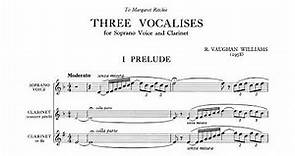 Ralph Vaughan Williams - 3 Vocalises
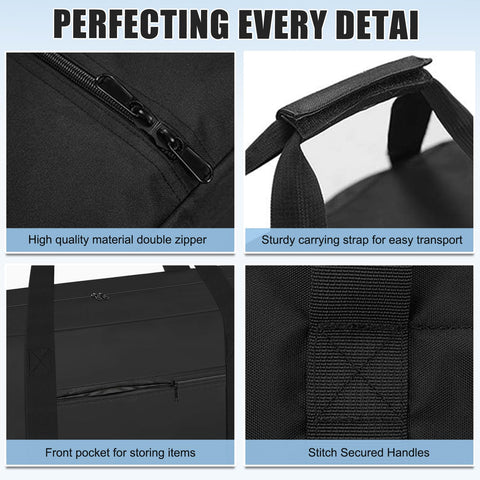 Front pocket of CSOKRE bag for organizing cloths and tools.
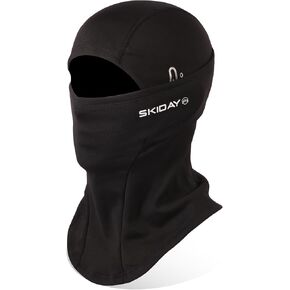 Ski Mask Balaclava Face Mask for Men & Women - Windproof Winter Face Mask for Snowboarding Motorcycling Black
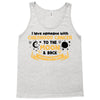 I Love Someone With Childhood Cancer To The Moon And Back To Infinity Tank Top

_ _ _

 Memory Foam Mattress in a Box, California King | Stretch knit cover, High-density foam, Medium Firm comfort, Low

_ _ _

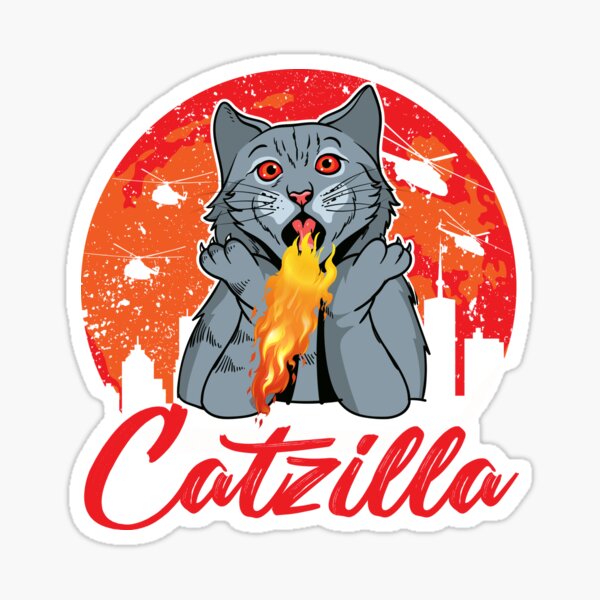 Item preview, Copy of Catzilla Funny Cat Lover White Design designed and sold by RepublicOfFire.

_ _ _

To do:
Pictures do not belong in the answer. Return the lines above starting at the one with "Ralph Vaughan Williams - 3 Vocalises" and ending at the one with "I Love Someone", both kept, exactly.

Output:
 Ralph Vaughan Williams - 3 Vocalises
 Front pocket of CSOKRE bag for organizing cloths and tools.
 Ski Mask Balaclava Face Mask for Men & Women - Windproof Winter Face Mask for Snowboarding Motorcycling Black
 I Love Someone With Childhood Cancer To The Moon And Back To Infinity Tank Top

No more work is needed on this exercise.